L'air de rien, Cobalt 60 est en train de donner ses lettres de noblesse à une sorte "d'intelligent electro", bien loin des coups de butoir bourrins auxquels le genre nous avait habitués. La diversité des ambiances que l'on rencontre sur cet album est entretenue par les variétés de sons, parfois plus synthétiques, parfois plus durs, avec une guitare qui sait s'imposer de façon toujours opportune. That day ou 12 months sont parmi les moments les plus forts de "Twelve", construits d'une façon particulièrement structurée et d'une cohésion étonnante. Il y a incontestablement plusieurs degrés de lecture à ce disque qui se dévoile à chaque écoute, les variations de voix et d'ambiances cachant toujours une surprise nouvelle et un plaisir inédit.

Christophe Labussière


Autechre
Lp5

Un titre et une pochette bien austères pour ce cinquième album des deux prodiges du label Warp, qui se construisent peu à peu une discographie en forme de sans-faute.
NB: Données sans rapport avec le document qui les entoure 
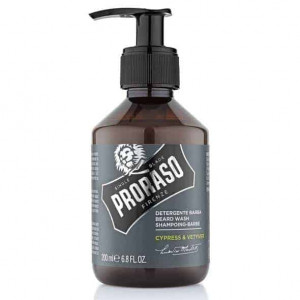 Proraso Ciprus és Vetiver szakáll sampon 200ml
On n'avait pas encore terminé de savourer "Chiastic slide", album sorti il y a un peu plus d'un an, d'en visiter tous les recoins, que surgit cette nouvelle mine de sensations et d'expériences jouissives. La richesse et l'originalité des sons est ce qui caractérise le mieux les travaux d'Autechre. Cette faculté à défricher des terres sonores inconnues relève du miracle tant les voyages qu'ils nous proposent sont à chaque fois étourdissants. On se souvient des premiers travaux de Einstürzende Neubauten, lorsqu'ils expérimentaient le mélange de sons du quotidien à d'autres plus anachroniques. Sean Booth et Rob Brown nous rappellent cette démarche d'avant-garde, mais avec une approche plus novatrice et le ferme objectif de faire du neuf avec du neuf, une nouvelle génération d'architectes. On pense aussi à Lassigue Bendthaus pour ces sonorités incroyables, et l'immersion dans cet océan de sons est une expérience bouleversante, celle de la découverte de sonorités qu'aucune oreille n'a jusqu'alors entendues. On ne sait jamais dans quel sens étudier les oeuvres d'Autechre, rien n'est habillage, rien n'est essence, rien n'est rythme, tout est tout à la fois, et leur musique est disséquable à l'infini. Les ambiances se déclinent et les morceaux s'enchaînent comme un long rêve halluciné où le rythme est à la fois essentiel et secondaire.
Cet album est un disque rare, de ceux qui sont capables de faire vibrer sans distinction toutes les parties de votre corps et de votre esprit. Toutes.